_GIVEN INFORMATION_
* * * *
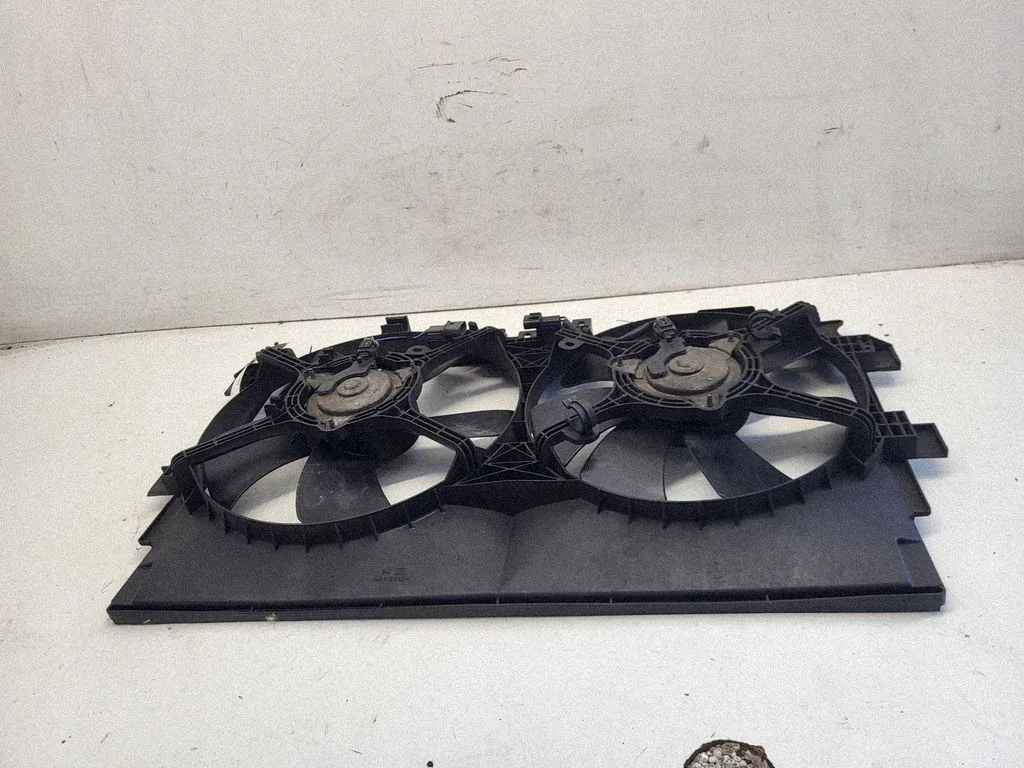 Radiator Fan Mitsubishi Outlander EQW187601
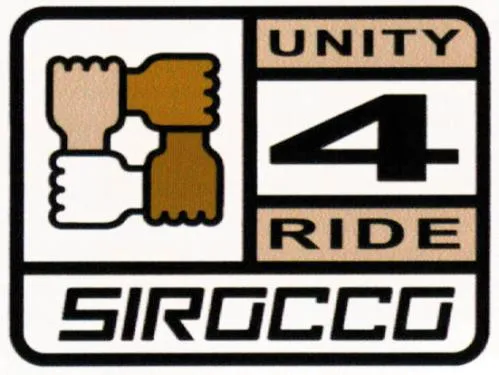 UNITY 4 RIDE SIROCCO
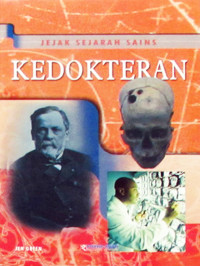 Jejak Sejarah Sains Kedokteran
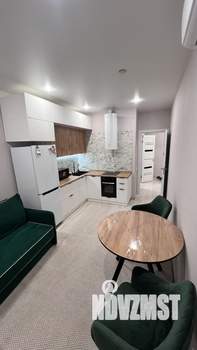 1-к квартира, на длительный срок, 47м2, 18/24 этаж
* * * *
_WHAT TO PRODUCE_
The listing above is to be written out again exactly, with its pictures omitted.

_COMPLETED TASK_
 Radiator Fan Mitsubishi Outlander EQW187601
 UNITY 4 RIDE SIROCCO
 Jejak Sejarah Sains Kedokteran
 1-к квартира, на длительный срок, 47м2, 18/24 этаж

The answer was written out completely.